These chocolate hazelnut thumbprint cookies have chocolate cookie dough rolled in hazelnuts and topped with chocolate hazelnut spread. Turn simple ingredients into a sweet treat in less than 30 minutes! No need to chill the dough!
My favorite snack is a handful of nuts. My favorite are pecans but any nuts will do. My least favorite are probably Brazilian nuts if I have to name one.
Sometimes I step up my handful of nuts by throwing in some dark chocolate chips. Living on the guilty edge.
My daughter stepped in my footprints and start snacking on nuts. Peanuts and hazelnuts are her favorite and when she’s living on the guilty edge, she gets a spoonful of Nutella and sprinkles some nuts on top and call it a snack.
Well, these chocolate hazelnut thumbprint cookies are way better than any handful of nuts with chocolate chips.
Chocolate cookie dough, toasted nuts and chocolate cream – how can that not make you weak to your knees?
If you love nuts and chocolate together, you must bake a batch of these cookies.
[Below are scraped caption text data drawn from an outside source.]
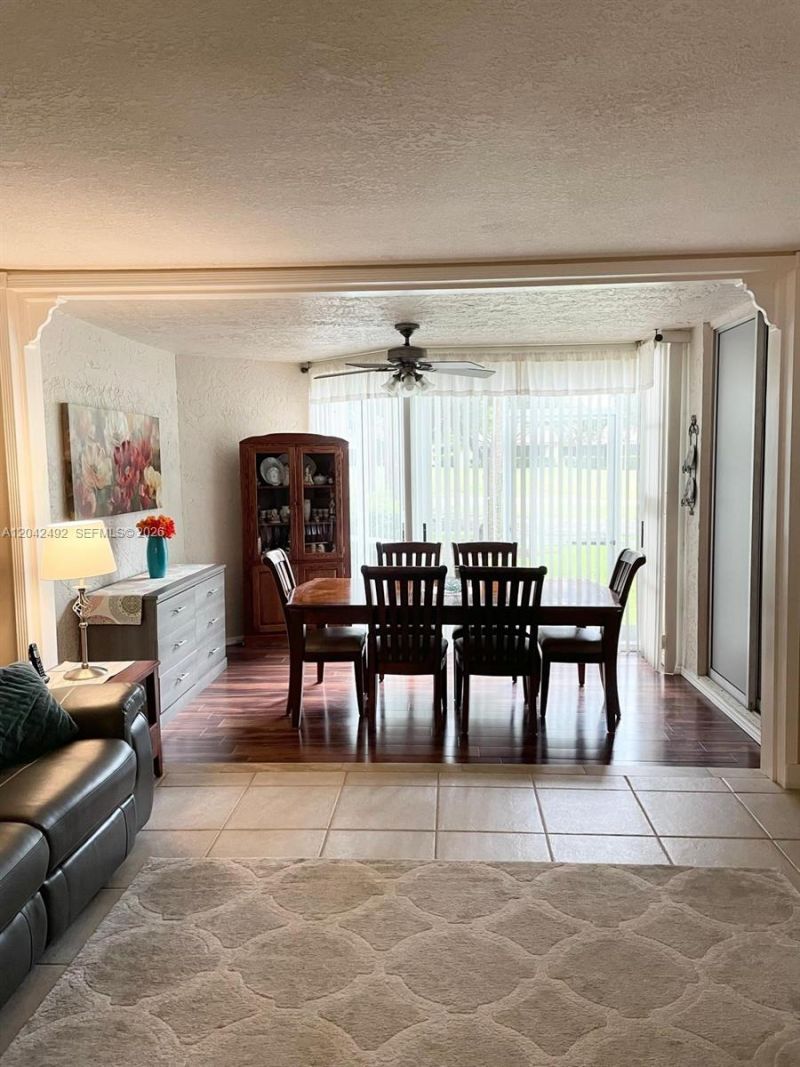 9520 Seagrape Dr , Unit 106, Davie, FL 33324 Photo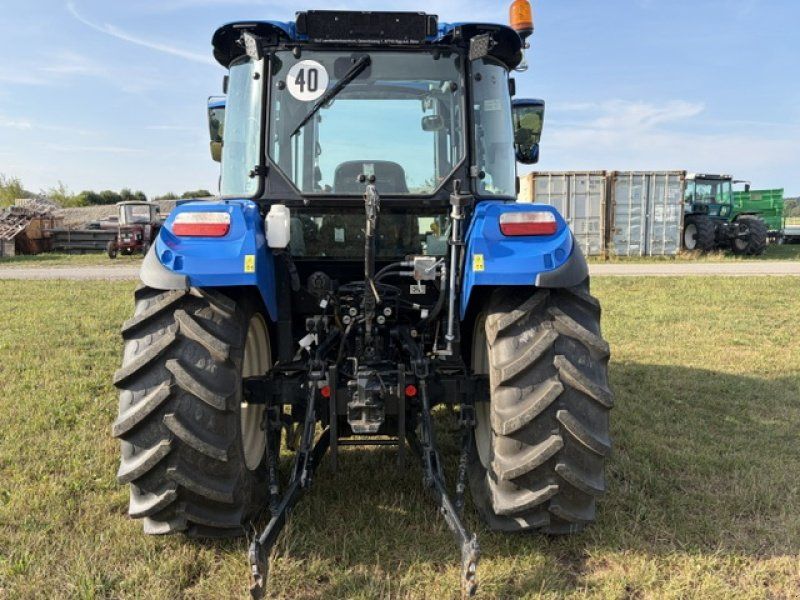 New Holland T 4.55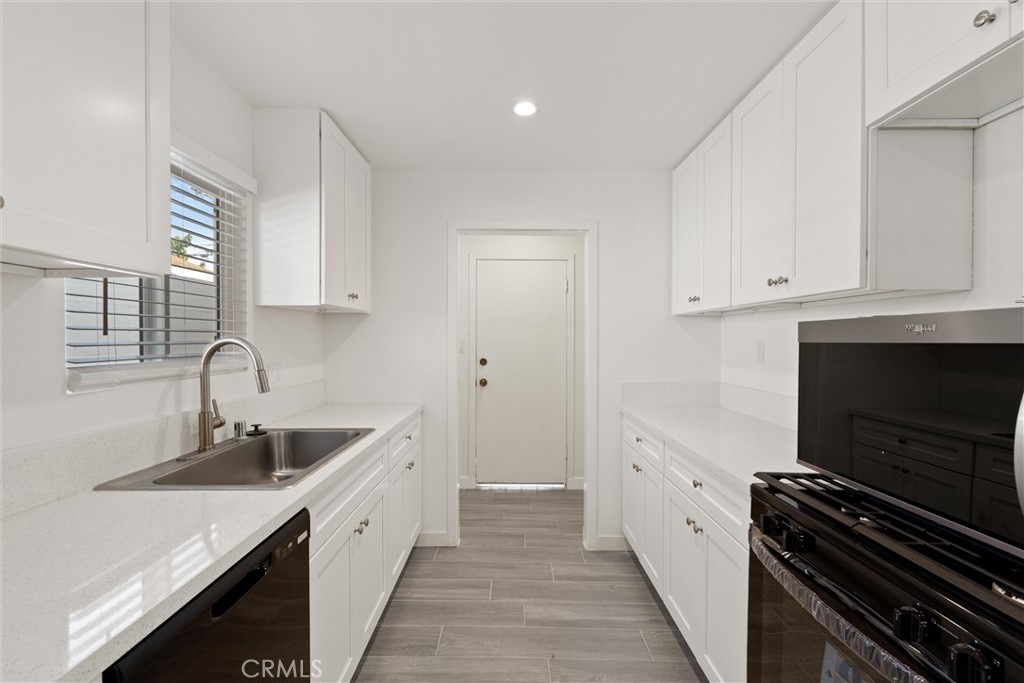 1143 E 106th Street Property Photo 11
Like right now!
No, you don’t need to chill the cookie dough. That’s another reason I love these chocolate hazelnut thumbprint cookies so much! You can have 2 dozen cookies in 30 minutes!!!
For the cookie dough, you need basic cookie ingredients – butter, egg, sugar, flour and cocoa powder.
Once you have the dough roll the cookies in toasted nuts and bake. If you’re not a big fan of hazelnuts, you can use pecans, peanuts, macadamia nuts, almonds. Live life on the edge!
For the finishing touches, I used Nutella, but you can use any chocolate hazelnut spread, peanut butter, chocolate peanut butter spread. You have a couple of possibilities.
Chocolate Hazelnut Thumbprint Cookies
- ½ cup butter room temperature
- 1 egg room temperature
- ½ teaspoon vanilla extract
- 1 cup powdered sugar
- 1 cup all-purpose flour
- ⅓ cup unsweetened baking cocoa
- ¼ teaspoon salt
- ⅔ cup toasted hazelnuts finely chopped
- ⅔ cup chocolate hazelnut spread
- Preheat oven to 350°F. Line two baking sheets with parchment paper. Set aside.
- In a mixing bowl add the butter. With the paddle attachment on, beat on low speed until light and fluffy, about 2 minutes.
- Beat in the egg and vanilla extract, scraping the sides of the bowl with a spatula, if needed.
- With the mixer on the lowest speed, slowly add the sugar, flour, cocoa powder, and salt. Stir until just combined.
- Remove the cookie dough from the mixing bowl and place it on a sheet of parchment paper. Lightly knead it with your hands until smooth and shiny.
- With a small cookie dough scoop, drop cookie dough onto a sheet of parchment paper. Shape each cookie dough scoop into a ball.
- Place the chopped hazelnuts into a bowl and roll each ball into nuts, pressing gently.
- Arrange balls 1 inch apart on baking sheets lined with parchment paper.
- Press thumb into center of each cookie, leaving an indentation.
- Bake in preheated oven for 10-12 minutes.
- Remove cookies from the baking sheets and cool completely on wire racks.
- Pipe or spoon a little bit of the chocolate-hazelnut spread into the center of each cookie.
(Nutrition information provided is an estimate and will vary based on cooking methods and brands of ingredients used.)